Functional requirements
- Mobile streamer broadcasts video from camera
- Thousands to millions of viewers
- Live chat alongside the stream
- Reactions and donations / subs
- VOD (video on demand) replay after the stream ends
Non-functional
- Glass-to-glass latency: 5–10 seconds for HLS, <3 seconds for low-latency variants
- Smooth playback even when network fluctuates
- Streamer battery: 30+ minute streams without overheating
Architecture
Three pipelines: ingest, transcoding, delivery.
Ingest
Streamer mobile app encodes video (H.264 or HEVC) and sends it to an ingest server via RTMP, SRT, or WebRTC.
- RTMP: standard, high latency (5+ seconds)
- SRT: better tolerance for poor networks, similar latency to RTMP
- WebRTC: sub-second latency but harder to scale fan-out
Most platforms use RTMP for ingest with the option of SRT for pro broadcasters.
Transcoding
The ingest server forwards the stream to a transcoding cluster. Each incoming stream is re-encoded into multiple resolutions (1080p, 720p, 480p, 360p, audio-only) for ABR delivery.
Transcoding is GPU-accelerated. Latency adds 1–3 seconds to the pipeline but enables broad device compatibility.
Delivery
Two main protocols:
- HLS: 2–4 second segments, ~10s glass-to-glass latency, works on every device
- Low-Latency HLS (LL-HLS) / DASH-LL: sub-3-second latency with proper CDN support
- WebRTC: sub-second but limited to direct connections; requires SFUs at scale
CDN distributes segments globally. Each viewer pulls from the nearest edge.
Chat
Separate from the video pipeline. WebSocket-based chat server handles thousands of messages per second per stream.

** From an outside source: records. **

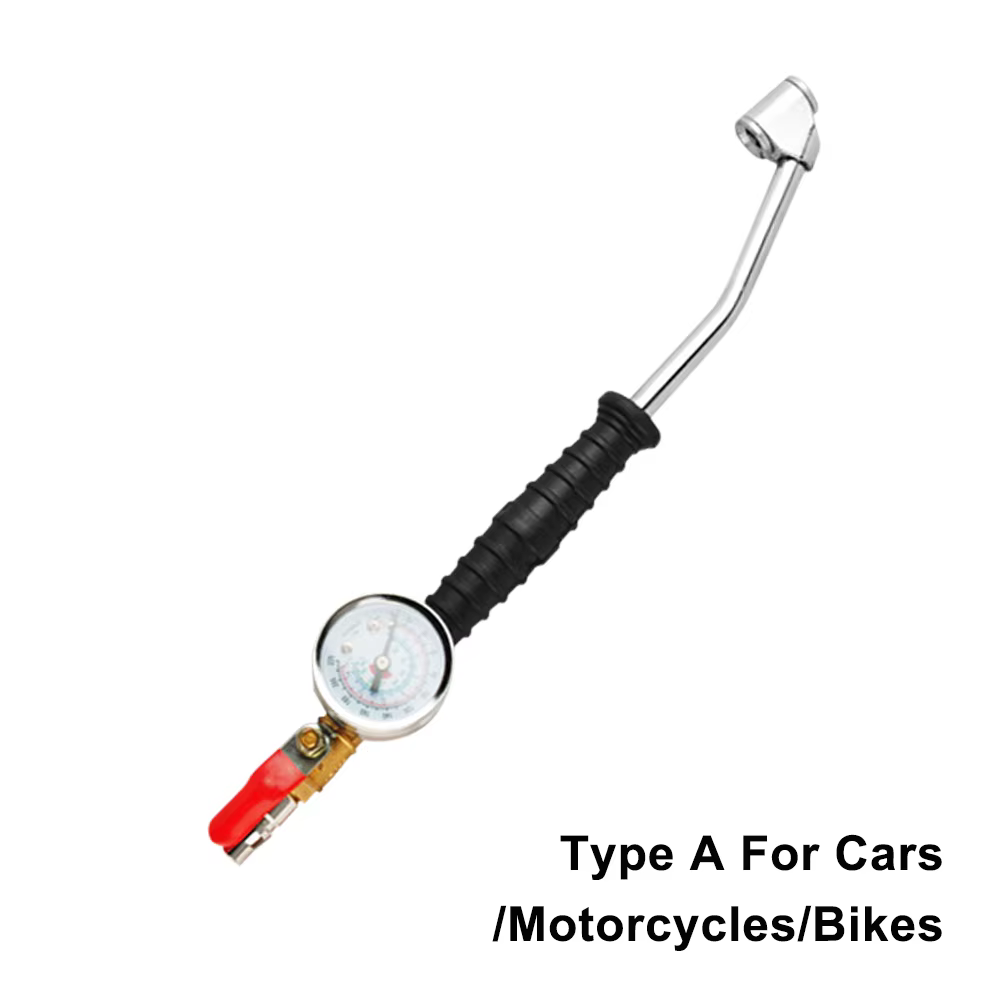 Tige de gonflage de pneus de moto 0-15Bar/220Psi avec manomètre de pression des pneus outil de répar
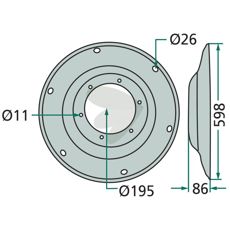 Tallerken - 140473, pålitelig del for traktorer og maskiner innen landbruk.
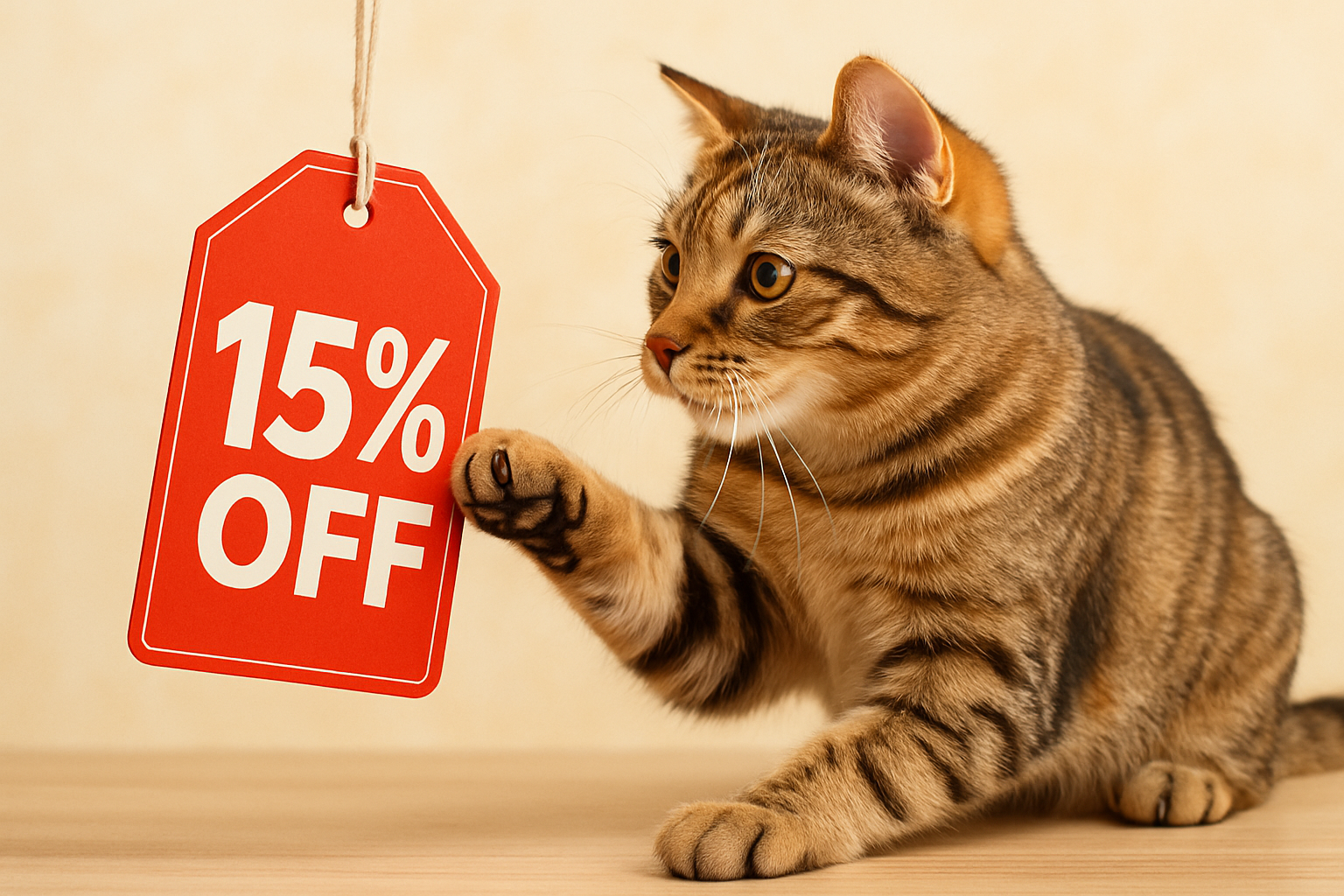 gato jugando con una etiqueta de 15% de descuento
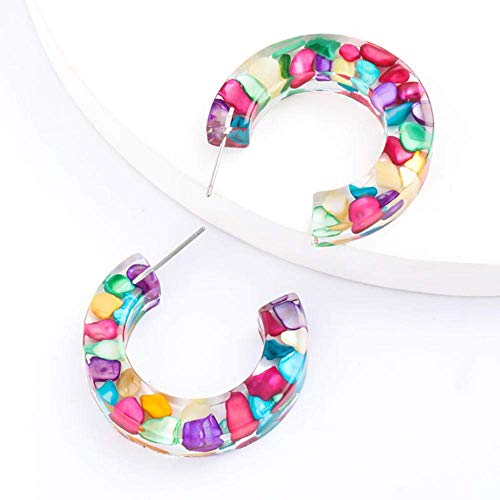 Boucles d'oreilles pendantes acétate effet pierre de couleur luxe - 2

Sync chat with stream: messages timestamped to stream-time, displayed at the appropriate moment. Subtle but important — viewers comment on what they just saw, not what is happening server-side now.
VOD
While the stream is live, segments are saved. After the stream ends, a VOD pipeline stitches segments into a single playable file with chapters, optionally adds AI-generated captions.
Streamer battery
- Use hardware-accelerated encoders
- Lower bitrate / resolution when battery low
- Detect overheating; warn streamer to reduce settings
Frequently Asked Questions
What if the streamer’s connection is unstable?
Adaptive bitrate during ingest — encoder reduces resolution if upload bandwidth drops. SRT handles brief outages with retransmission. Severe drops result in stream disconnection; viewers see a “reconnecting” indicator.
How is chat ordered across millions of viewers?
Server-side ordering with a single source of truth. Chat is fanned out via WebSocket; clients receive in server-order. Some platforms shard chat into rooms when a stream gets very large.
Why do some platforms feel laggier than others?
Tradeoff between resilience (more buffer = smoother but laggier) and interactivity (less buffer = snappier but more rebuffers). Twitch is known for low latency but more rebuffers; YouTube Live is the opposite.